● **TASK INSTRUCTIONS**
Print all records exactly, pictures left out.
--*--
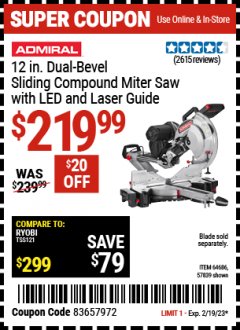 Harbor Freight Coupon ADMIRAL 12" DUAL-BEVEL SLIDING COMPOUND MITER SAW Lot No. 64686 Expired: 2/19/23 - $219.99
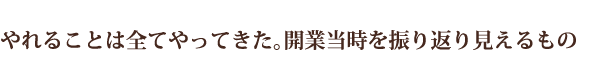 やれることは全てやってきた。開業当時を振り返り見えるもの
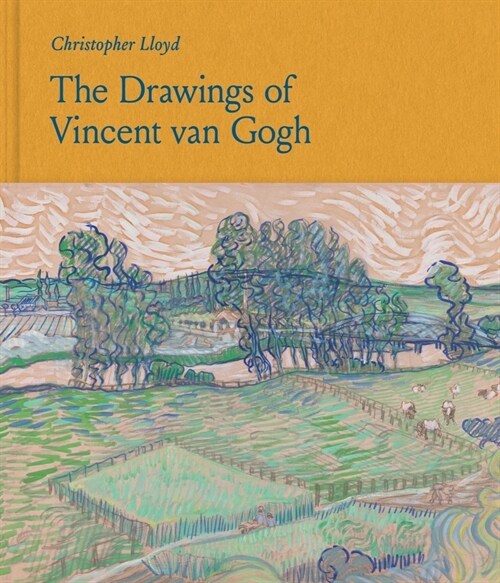 The Drawings of Vincent van Gogh (Hardcover)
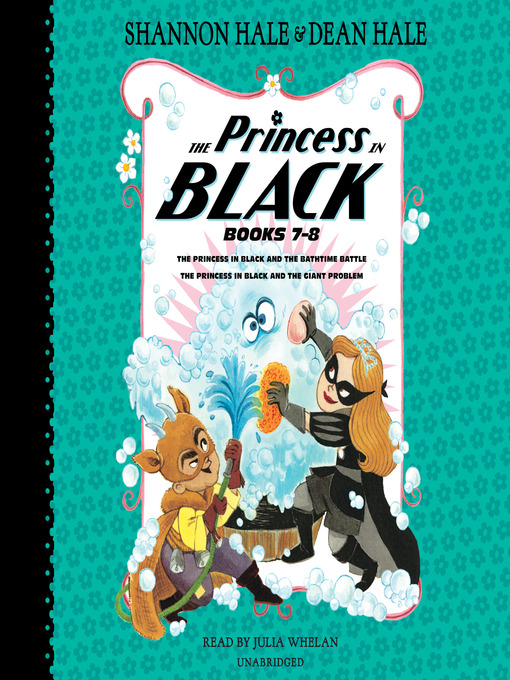 Title details for The Princess in Black and the Bathtime Battle / The Princess in Black and the Giant Problem by Shannon Hale - Available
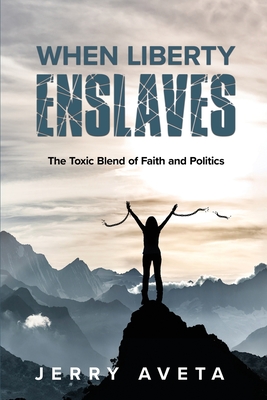 When Liberty Enslaves - Jerry Aveta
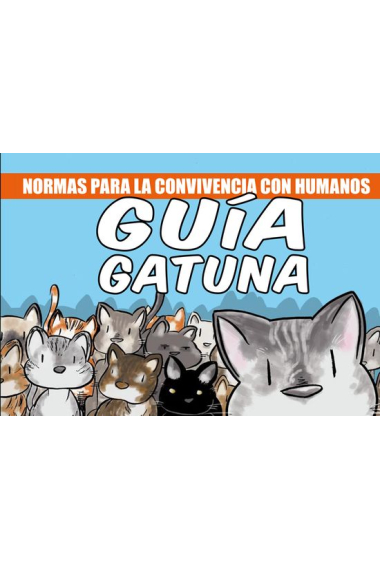 Guía gatuna. Norma para la convivencia con humanos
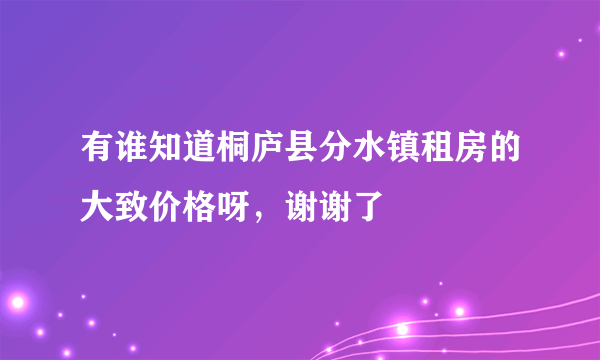 有谁知道桐庐县分水镇租房的大致价格呀，谢谢了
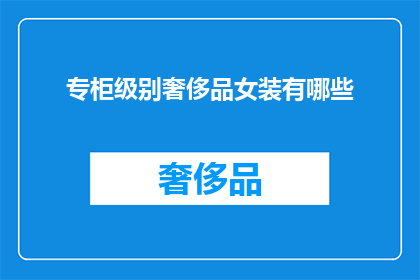 专柜级别奢侈品女装有哪些(您是否好奇，专柜级别的奢侈品女装都有哪些？)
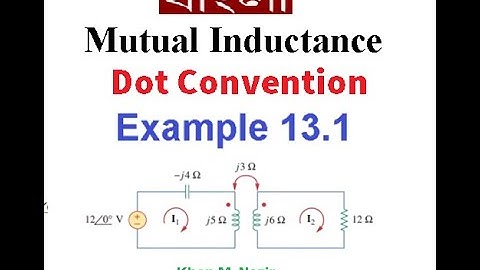 (B)ENA(A) Ex 13.1 || Mutual Inductance || Dot Convention || Magnetically Coupled Circuits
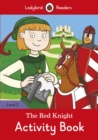 Image for The Red Knight Activity Book - Ladybird Readers Level 3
--*--
● **TASK OUTPUT**
 Harbor Freight Coupon ADMIRAL 12" DUAL-BEVEL SLIDING COMPOUND MITER SAW Lot No. 64686 Expired: 2/19/23 - $219.99
 やれることは全てやってきた。開業当時を振り返り見えるもの
 The Drawings of Vincent van Gogh (Hardcover)
 Title details for The Princess in Black and the Bathtime Battle / The Princess in Black and the Giant Problem by Shannon Hale - Available
 When Liberty Enslaves - Jerry Aveta
 Guía gatuna. Norma para la convivencia con humanos
 有谁知道桐庐县分水镇租房的大致价格呀，谢谢了
 专柜级别奢侈品女装有哪些(您是否好奇，专柜级别的奢侈品女装都有哪些？)
 (B)ENA(A) Ex 13.1 || Mutual Inductance || Dot Convention || Magnetically Coupled Circuits
 Image for The Red Knight Activity Book - Ladybird Readers Level 3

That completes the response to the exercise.